KENNY PAYS TRIBUTE TO IRISH BLOOD TRANSFUSION SERVICE

Posted on March 14, 2012 5:29 PM   |   Permanent Link   

The Government has approved the drafting of legislation to transfer responsibility for the procurement of clotting factor concentrate products from the Irish Blood Transfusion Service (IBTS) to St James's Hospital, where the National Haemophilia Centre is based. I would like to pay tribute to the IBTS and the people who worked for that service. I was for many years a blood donor to the service.

The Department of Health, St James's and the HSE have reached an agreement on the transfer arrangements for the products, which are used in the treatment of haemophilia and other clotting factor disorders.

The Irish Haemophilia Society supports this change. Legislation will be drafted as a priority, allowing the new arrangements to commence, which will result in a more streamlined system of procurement for the products and will also achieve significant financial savings for the health budget in relation to their purchase.

Clotting factor concentrates for the treatment of people with haemophilia, von
Willebrand disease, and other inherited bleeding disorders are essential, life-saving medicines that are expensive and complicated to manufacture.

Procurement of factor concentrates can help to ensure that people with inherited bleeding disorders have access to treatment which is not only sufficient in quantity, but also meets the required standards in relation to safety, efficacy, and quality.

I am not an expert on blood borne diseases, and I doubt many in this House are.

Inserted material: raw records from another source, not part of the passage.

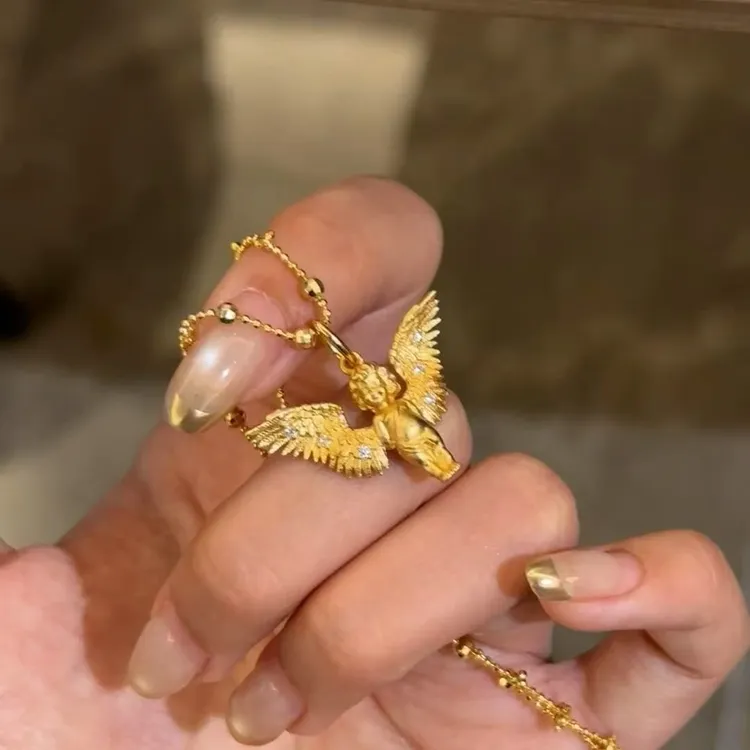 坠链均925银锆石 丘比特天使项链法式高级感小众设计百搭锁骨链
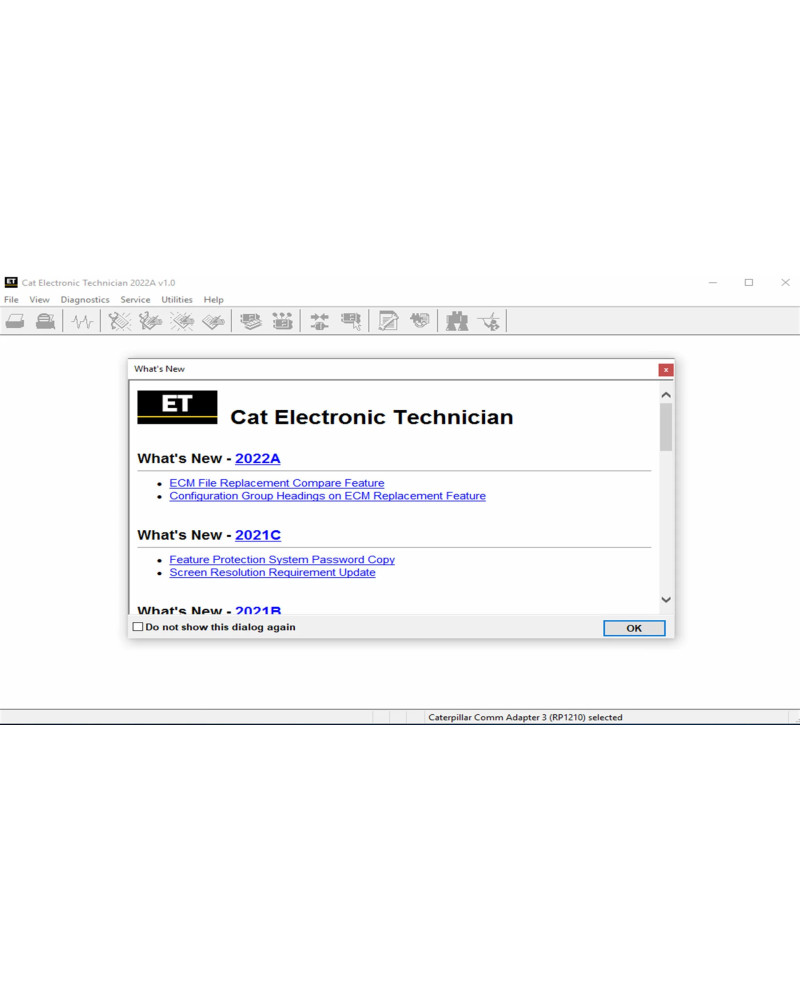 Software de diagnóstico Cat ET Caterpillar, 2023A, ET3 +, contraseña de fábrica, KG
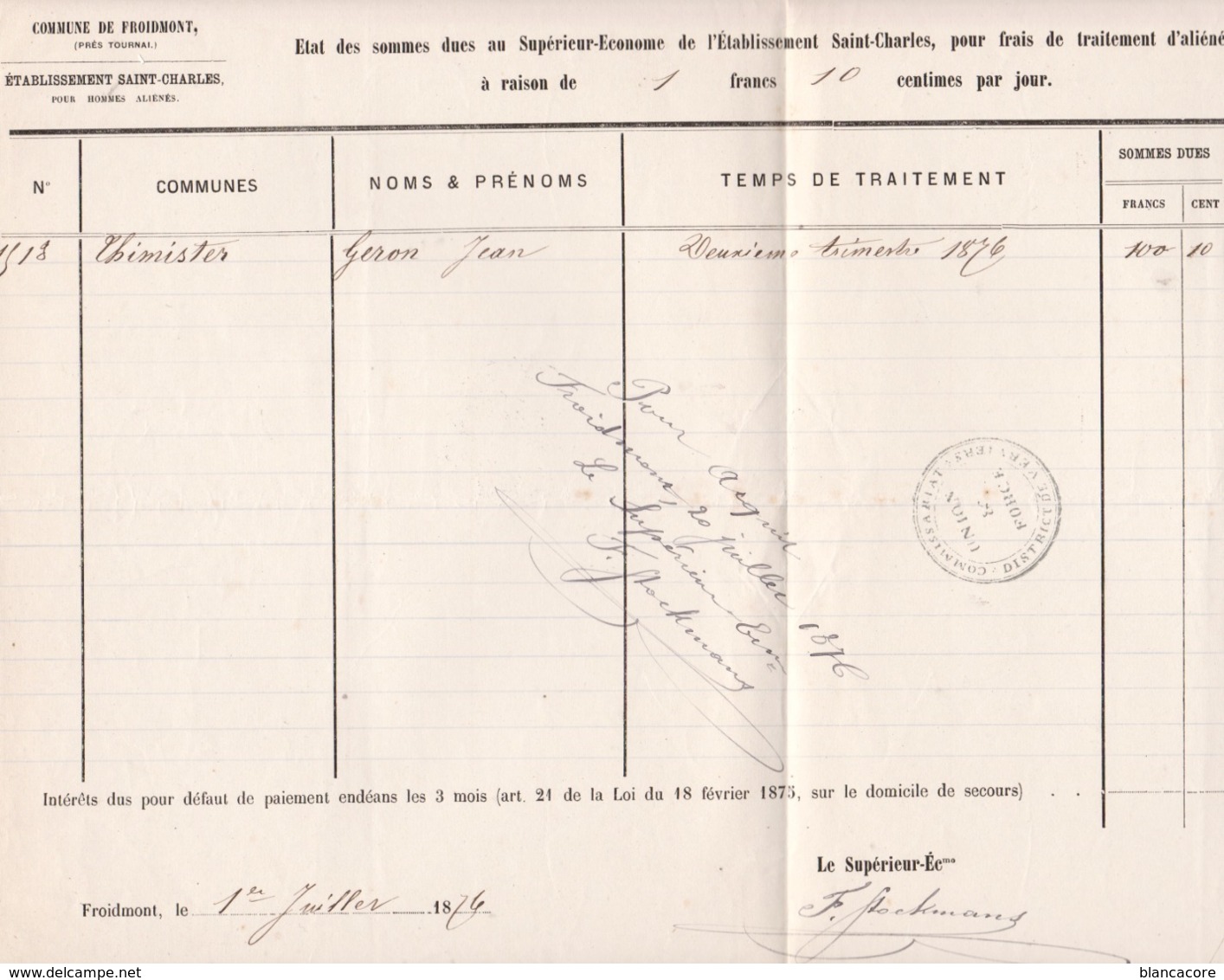 Etablissement SAINT CHARLES à FROIDMONT ( Tournai ) En 1876 Frais De Traitement D'aliénés / RARE - 1800 – 1899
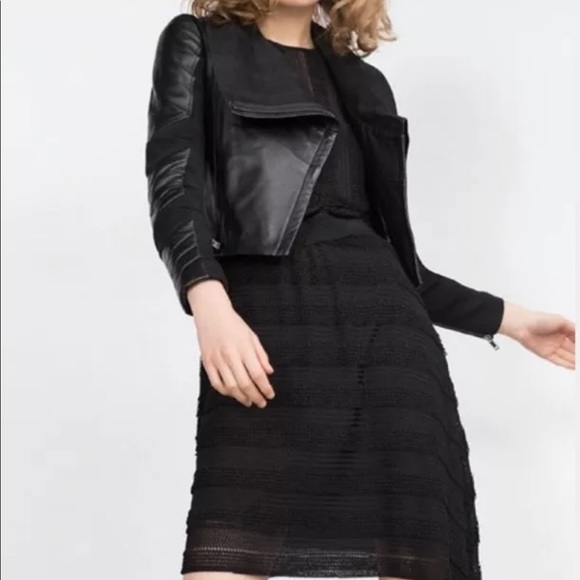 zara combined biker coat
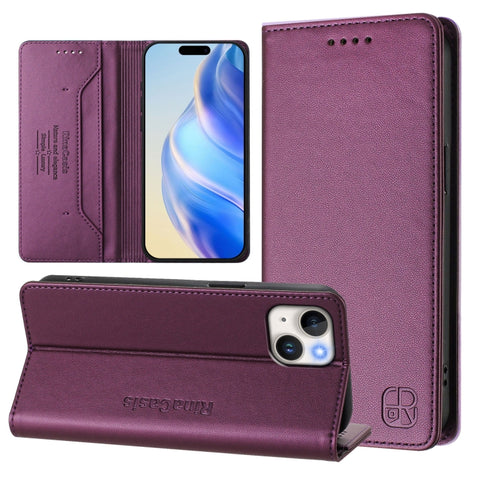 RC01 Dual-Folded Magnetic Suction RFID Leather Phone Case, For iPhone 15, For iPhone 14 Plus, For iPhone 14 / 13, For iPhone 14 Pro, For iPhone 14 Pro Max, For iPhone 7 / 8 / SE 2022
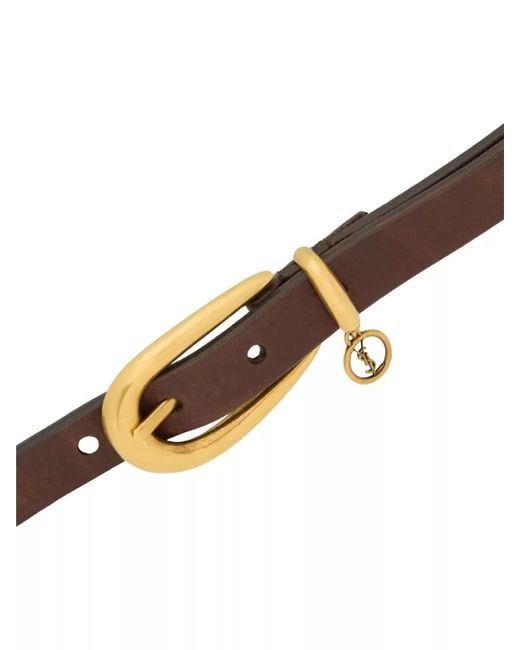 Saint Laurent White Cassandre Charm Leather Belt Elongated Buckle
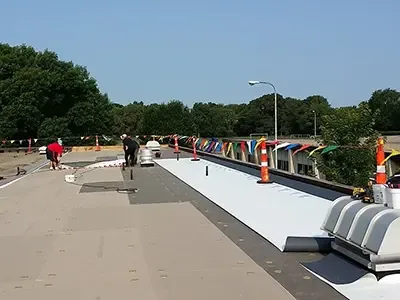 Commercial roofing project by A-1 Roofing Services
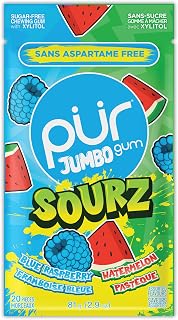 PUR Jumbo Gum, Sour Blue Raspberry & Watermelon, Xylitol Gum, 20 Count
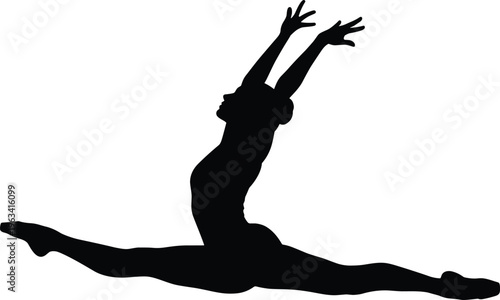Silhouette of female dancer performing split leap jump, flexibility and strength training, graceful movement in gymnastics or ballet fitness concept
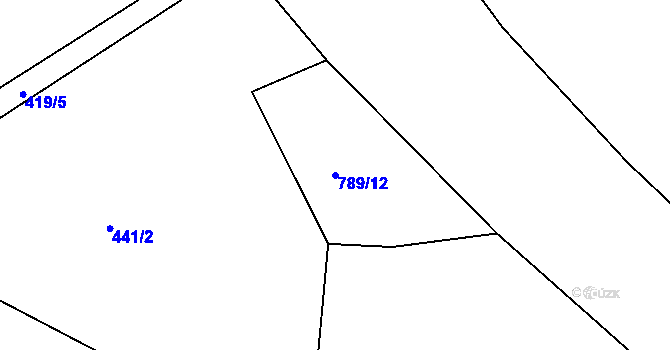 Parcela st. 789/12 v KÚ Horní Lomany, Katastrální mapa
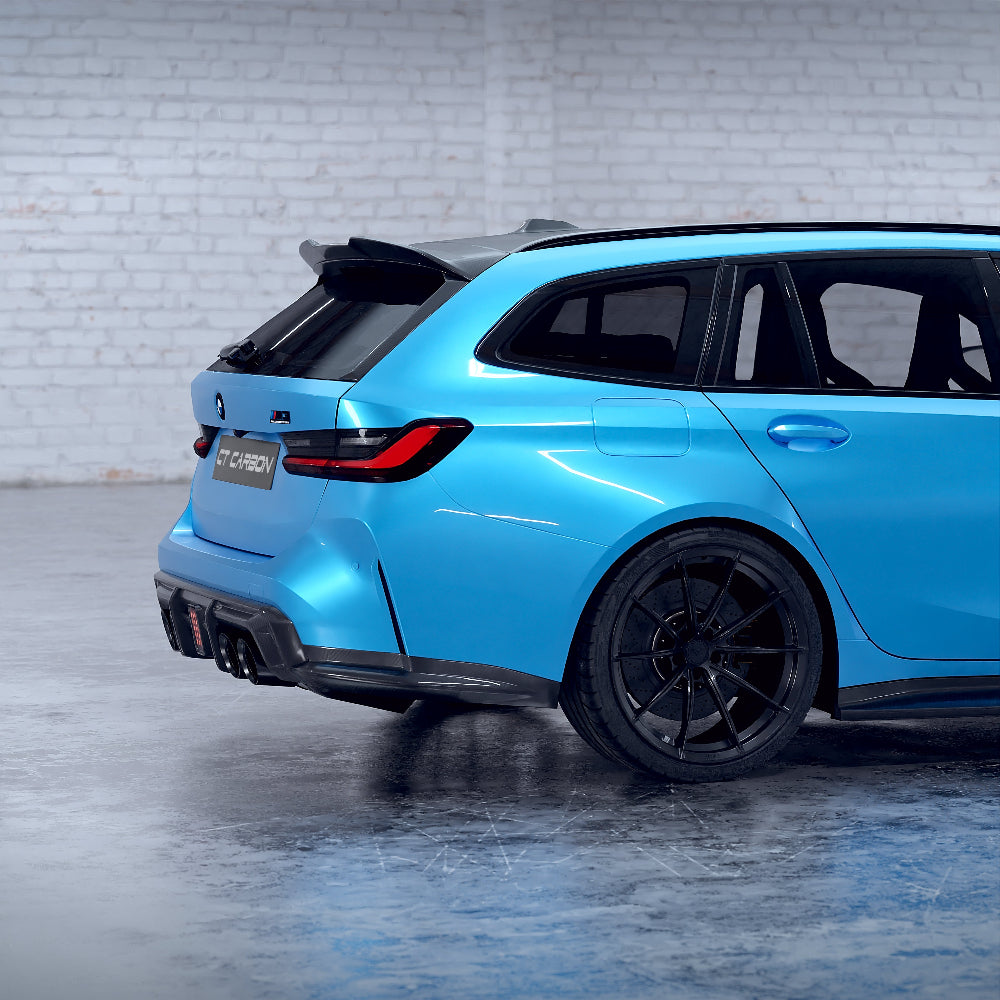BMW M3 M4 G80 G82 carbon fibre diffuser with LED lights, V3 CT Design, showcasing sleek aerodynamic design.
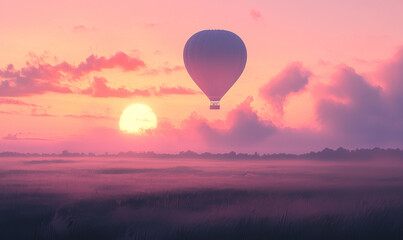Fototapeta premium Majestic hot air balloon soaring over an expansive landscape, capturing the beauty of the sky
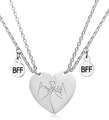 Nahaufnahme der geteilten BFF-Halsketten mit Pinky Swear Gravur und Silber-Finish - Pinky Promise BFF Herz-Puzzle 2-Teiliges Set (款式2)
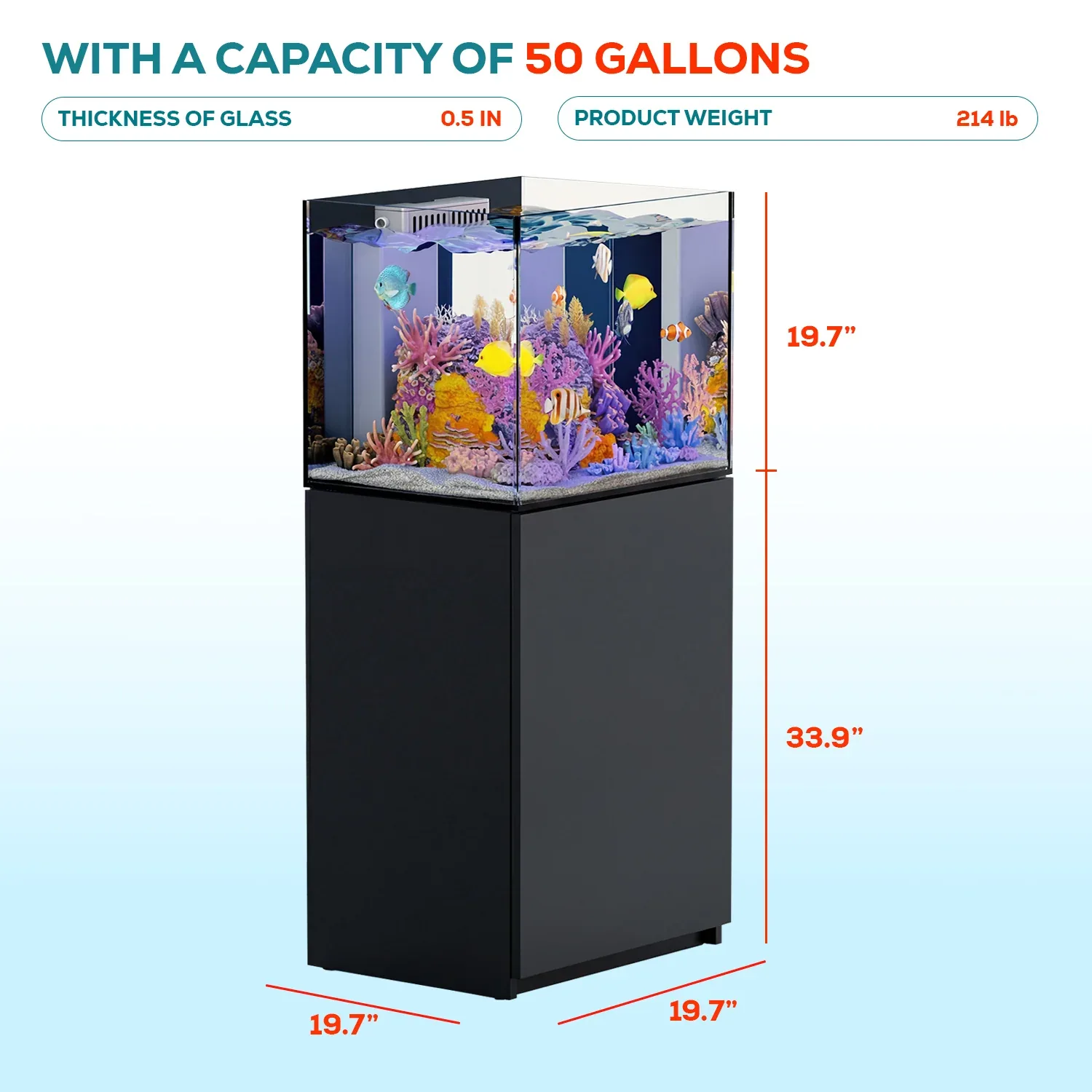 50 Gallon Coral Reef Aquarium Ultra Clear Glass Tank & Built in Sump All Black - Image 2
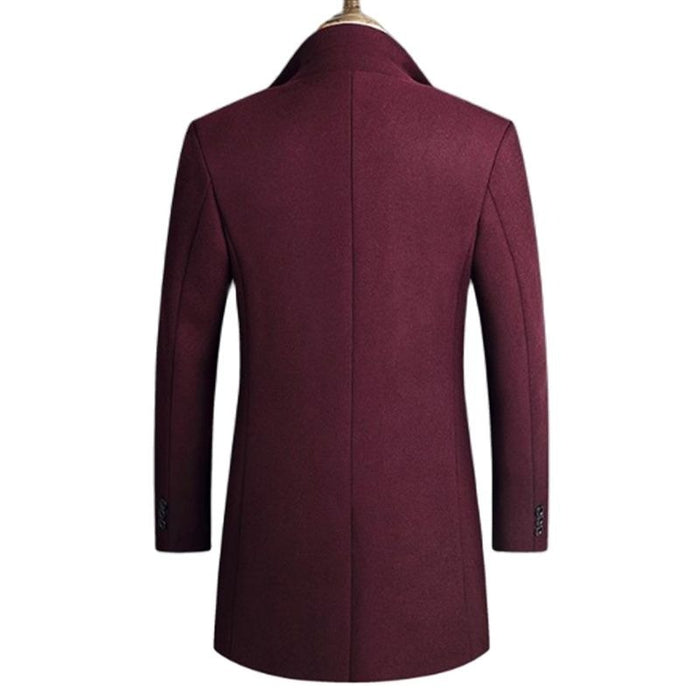 Men's Solid Winter Warm Long Coat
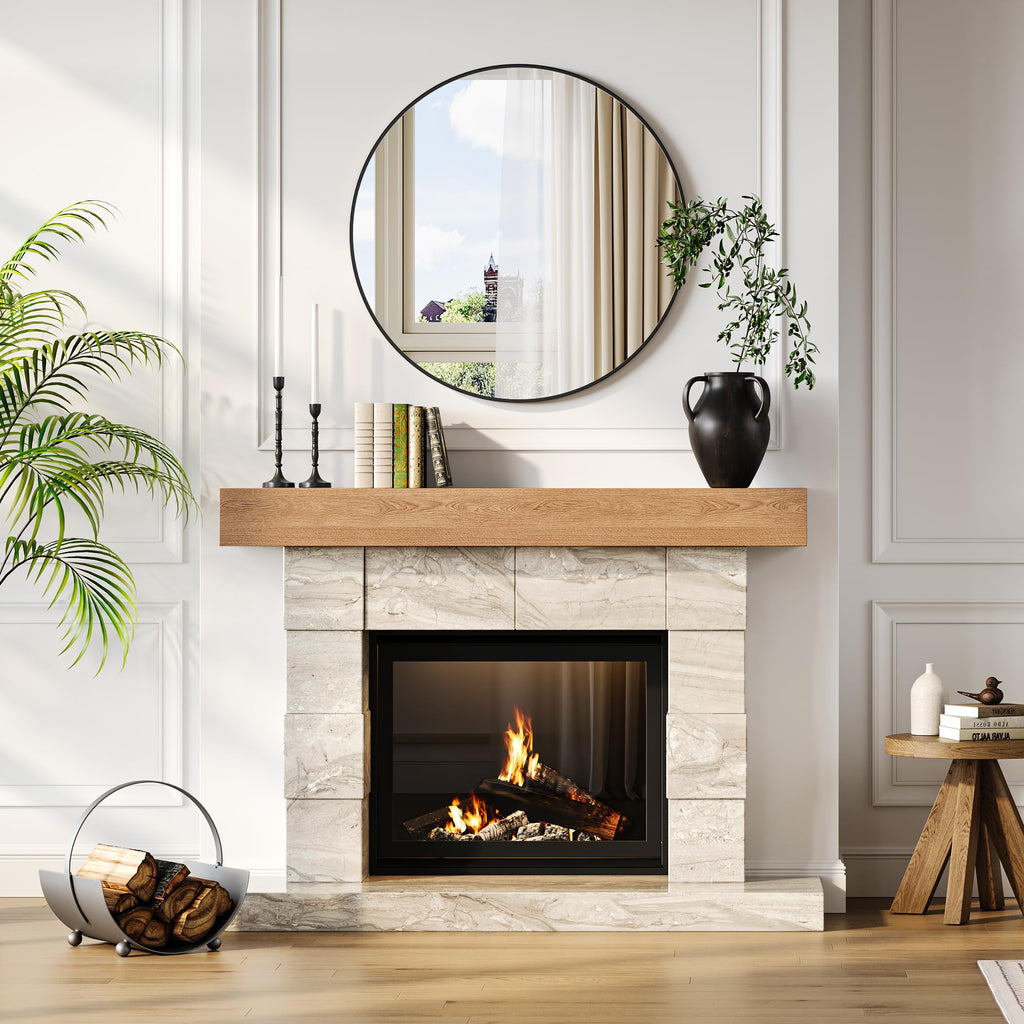 30Inch Black Round Wall Mirror, Circle Mirror Metal Frame, Vanity, Entryway, Bedroom, Living Room, Wall Mounted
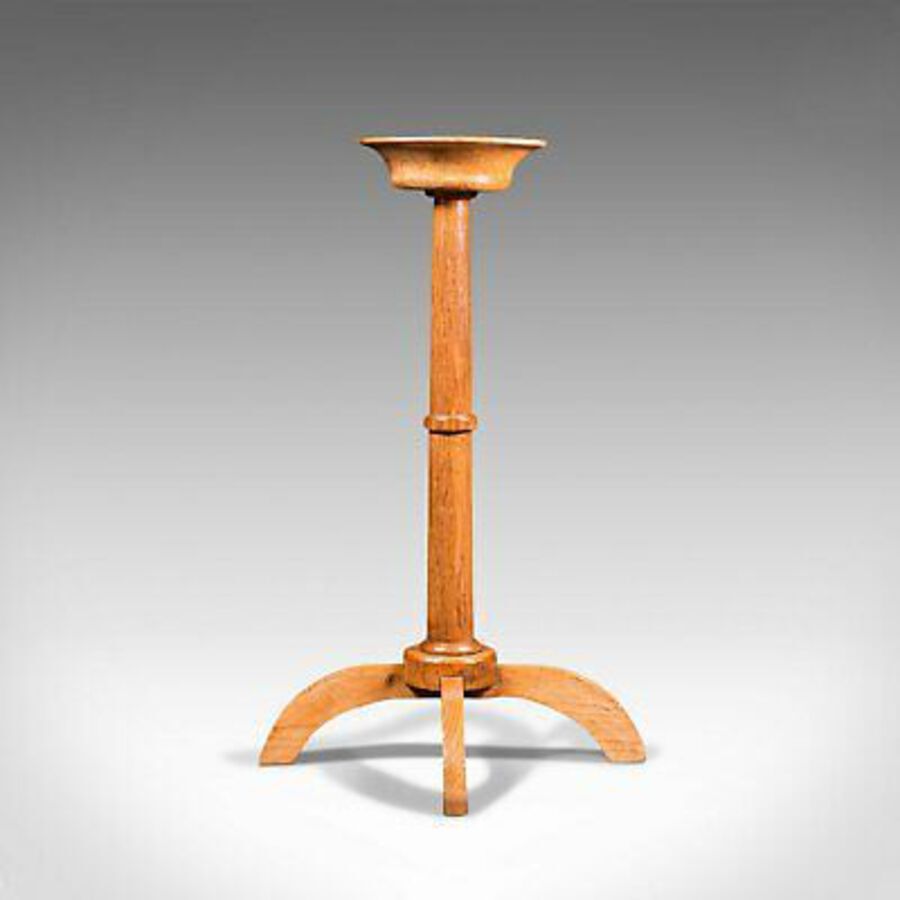 Antique Antique Torchere, English, Oak, Candle Stand, Cotswold School, Arts And Crafts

In Ireland a Haemophilia Product Selection and Monitoring Advisory Group (HPSMAB) was established on an ad hoc basis in 2001 to advise on the national tender for the purchase of factor concentrates. This group was set up on a statutory basis in 2005 and is currently operating under a draft statutory instrument and detailed terms of reference. The contract holder for the purchase of factor concentrates is the Irish Blood Transfusion Service, which issues the call to tender and receives the tender documents. It is intended that this will change over to St James's Hospital, where the National Haemophilia Centre is located.

The mandate here is to advise on the selection and monitoring on all plasma-derived products used in the treatment of haemophilia, Von Willebrand disease, and other inherited blood deficiencies. This group decides on the amount of products to be purchased and the award criteria to be used in the evaluation of tenders. Following receipt of the tenders, the group meets and evaluates the tenders based on the specified award criteria, and then recommends which products to purchase. The group also advises on monitoring the product used, on delivery, tracing, and recall procedures.

Membership consists of the national haemophilia director, two additional consultant haematologists, two representatives from the Irish Haemophilia Society, a representative from the contract holder, a transfusion medicine expert, a representative from the Irish Medicines Board, (the national licensing authority), a representative from the Department of Health and Children, and a virologist (with expertise in blood-borne infectious diseases). The group also includes the external reviewer of the National Centre for Hereditary Coagulation Disorders and an external adviser to the Irish Haemophilia Society. The group is appointed by the Minister for Health & Children for a renewable term of five years.

The tender process is normally for a period of two years. Tenders follow the EU procurement rules and are in line with the terms of reference of the Haemophilia Product Selection and Monitoring Advisory Group. A call for tenders is issued in the official journal of the European Community. Prior to the call for tender, the award criteria are decided by the HPSMAB and these criteria are listed in the tender documents.